Frank Cornelissen’s Volcanic Reds
As I wrote in this post, “non-interventionist” winemaker Frank Cornelissen isn’t afraid to break a few rules. He refuses to add preservative sulfur to his wines, he refuses to filter them, and he even ferments the juice of white grapes with the skins, resulting in the startlingly tannic Munjebel 9. It is a wine I’ll never forget.
After tasting that incredible oddity, I couldn’t wait to wrap my palate around some of Cornelissen’s reds. All his grapes come from the slopes of Mount Etna, an active volcano in eastern Sicily. But “It’s a good volcano,” Cornelissen contended, and about as ancient as wine regions get. The Sotheby’s Wine Encyclopedia notes that “this is the wine that Ulysses used to intoxicate the Cyclops,” in Homer’s Odyssey.
On the higher elevations, where The Oxford Companion to Wine says vineyards “show great promise,” Cornelissen asserted it’s not the stereotypical southern Italian landscape. “We’ve got lizards, we’ve got snow — it’s completely different from people’s idea of Sicily,” he explained. And he’s convinced it’s one of the world’s great wine regions. “To be honest, I think the greatest terroirs are in Italy,” Cornelissen confided, “but people don’t necessarily understand it.”
He certainly has worked to understand his terroir, altering the environment as little as possible as he tends to his vineyards, eschewing even organic additives and biodynamic preparations in all but the direst circumstances. And as noted above, his hands-off philosophy continues into the winery, resulting in unusual and controversial wines absolutely packed with flavor. In addition to the Munjebel 9, we tasted three of Cornelissen’s exciting reds at Autre Monde‘s Sicilian themed-dinner:
Rosso del Contadino 10: This big, barely-in-control wine blends several white and red Sicilian varieties, including Nerello Mascalese and Carricante. It smelled of enticingly of violets and tight, dark-red fruit, and my goodness, what a slap in the face of flavor: big, red, aromatic fruit; big, tart, mouth-puckering acids; big tannins. Kabam! It made for a seriously gutsy pairing with some perfectly tender octopus with potatoes, olives and sun-dried tomatoes. The touch of brininess in the dish brought out a little something extra in the wine.
MUNJEBEL 8 MC: The “MC” stands for “Monte Colla,” the name of the recently acquired vineyard from which this wine comes.
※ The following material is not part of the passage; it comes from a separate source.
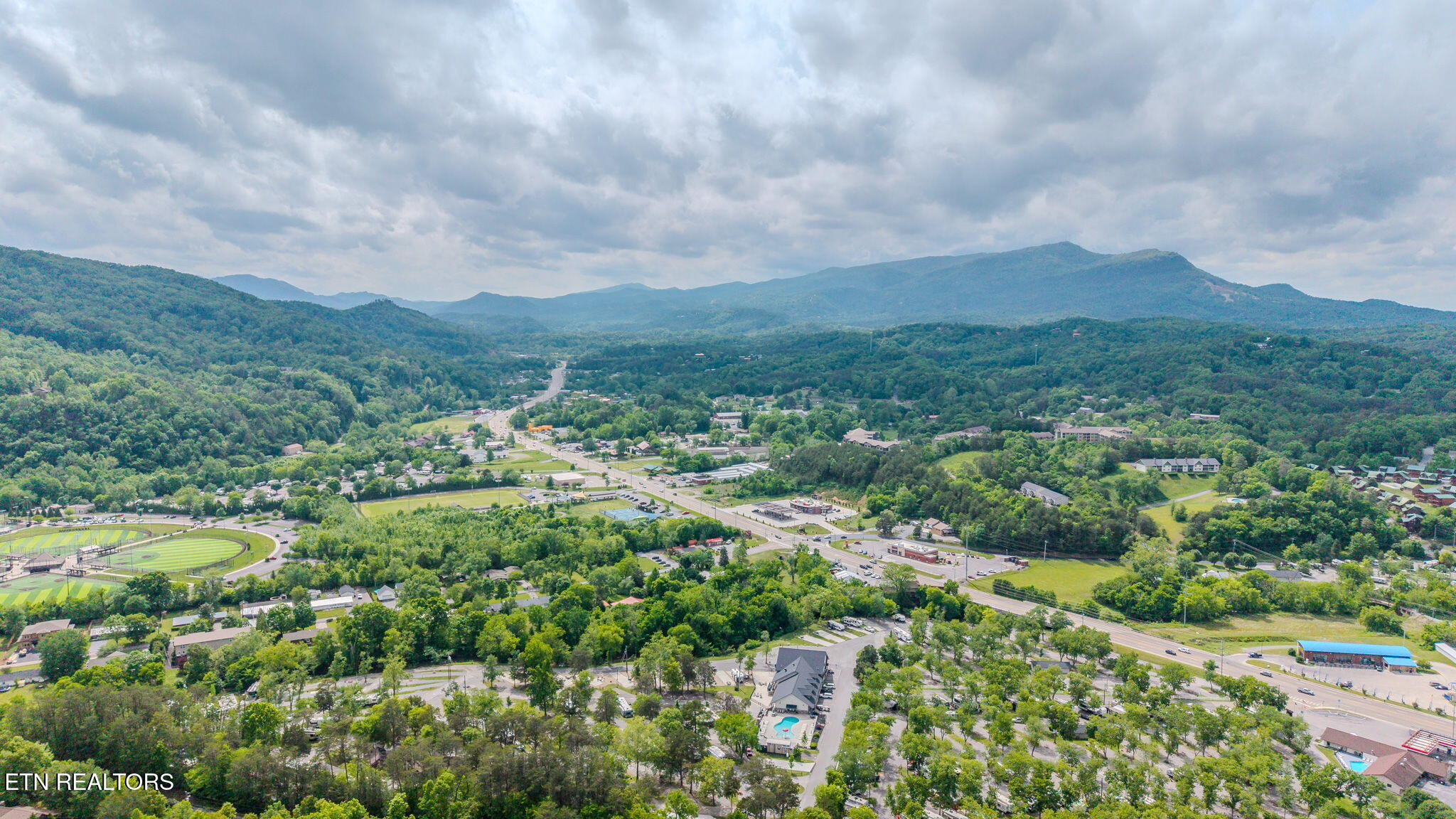 351 Woodridge Way Pigeon Forge TN 37863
According to distributor Cream Wine, the steep, sandy-clay vineyard dates to 1946, and the vines produce very low yields of Nerello Mascalese (a centuries-old crossing of Sangiovese and an as-yet unknown variety). Vineyard sites are of paramount importance at Etna, according to Cornelissen, who likens the area to Burgundy. This single-vineyard Nerello Mascalese had a dark cherry aroma and appealing flavors of tight red fruit and smooth, dark chocolate, followed by a very tannic finish. We tried the Munjebel 8 MC with some savory pasta al forno (baked pasta, photo above) with tomato sauce enriched by various cheeses and mortadella. It became noticeably more powerful and intense. My dining companion remarked that “the dusty-musty Parmesan goes really well with the dusty-musty aspects of the wine.”
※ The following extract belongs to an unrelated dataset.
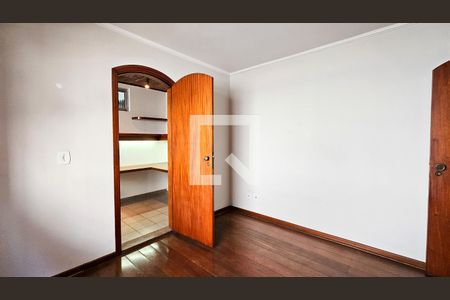 Casa à venda com 140m², 4 quartos e 2 vagasQuarto 2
MUNJEBEL 8 VA: Another 100% Nerello Mascalese, this wine comes from four different vineyards averaging 80 years in age, according to Cream Wine. Even more unusual is that approximately 90% of the vines are ungrafted, meaning that they grow on their own rootstocks. Almost all European vines were regrafted onto American rootstocks in the wake of the phylloxera epidemic, but because of the high altitude of these vineyards, regrafting was unnecessary. This expression of Nerello Mascalese had a more subtle aroma of dark fruit, and my dining companion noted a floral quality as well. It tasted less tannic than the MC, with dark fruit, notes of mocha and big, bold acids. First we sampled it with some delicious caponata and pickled onions (photo right). “This is just what the wine needed,” my dining companion remarked. “Pickled onions. It’s just so much more calm.” Paired with an exquisite dish of fork-tender braised lamb and pearl cous-cous, the wine became even bigger and spicier. A magnificent match.
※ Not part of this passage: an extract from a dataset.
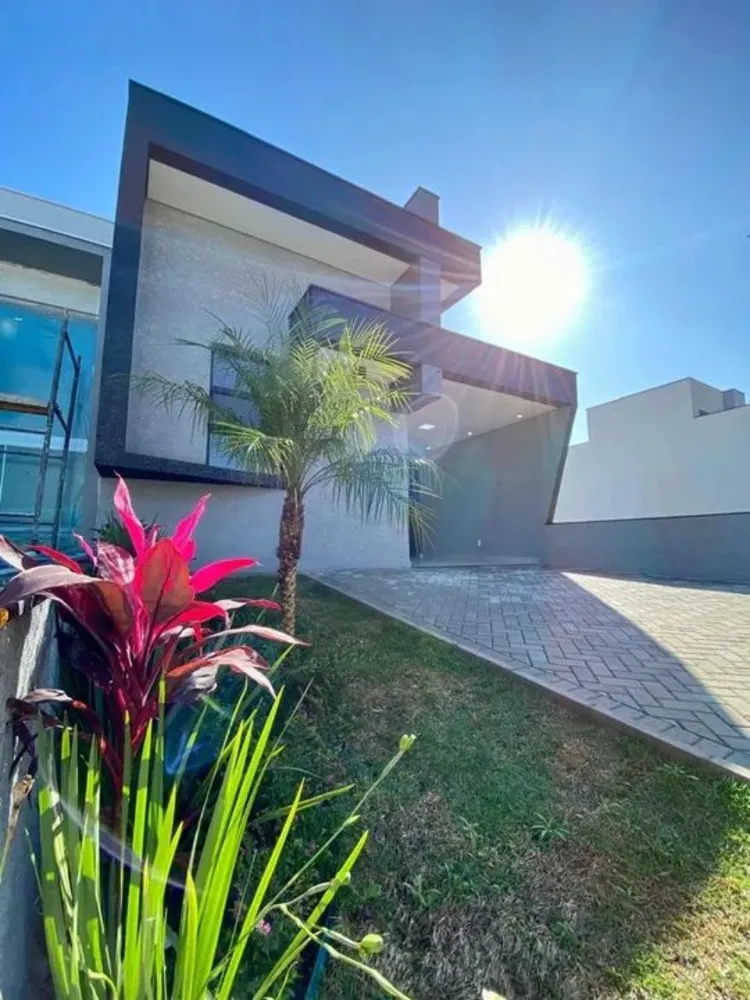 Casa, 3 quartos, 108 m² - Foto 1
Cornelissen’s wines can be difficult to find because of the small production. Restaurants are apparently your best bet. Those in Chicago should check with Autre Monde to see if they have any in stock (or just go to Autre Monde regardless, because the food was superb). Alternatively, pizzeria Spacca Napoli is a good bet, along with Spiaggia, Trencherman and Telegraph.
If you see one of his wines on a menu, it might be a pricey by-the-glass option, but don’t hesitate to order it. It’s sure to be worth every penny.